§ **What to do**
A faithful, word-for-word copy of the data below is required, without pictures.

§ **Material provided**
--- START ---

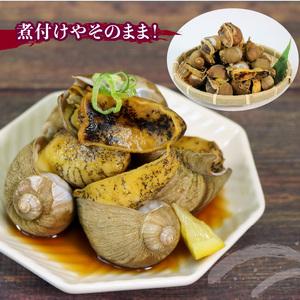 ふるさと納税 つぶ貝 三陸産 ボイル 1kg  岩手県大船渡市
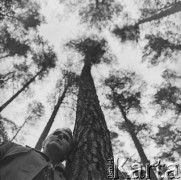 Lata 60., Piaśnica, Polska.
Lasy Piaśnickie - miejsce masowych egzekucji dokonanych przez okupantów niemieckich podczas II wojny światowej, n/z Elżbieta Ellwart, świadek zbrodni.
Fot. Irena Jarosińska, zbiory Ośrodka KARTA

--- END ---

§ **Written solution**
 ふるさと納税 つぶ貝 三陸産 ボイル 1kg  岩手県大船渡市
 Lata 60., Piaśnica, Polska.
Lasy Piaśnickie - miejsce masowych egzekucji dokonanych przez okupantów niemieckich podczas II wojny światowej, n/z Elżbieta Ellwart, świadek zbrodni.
Fot. Irena Jarosińska, zbiory Ośrodka KARTA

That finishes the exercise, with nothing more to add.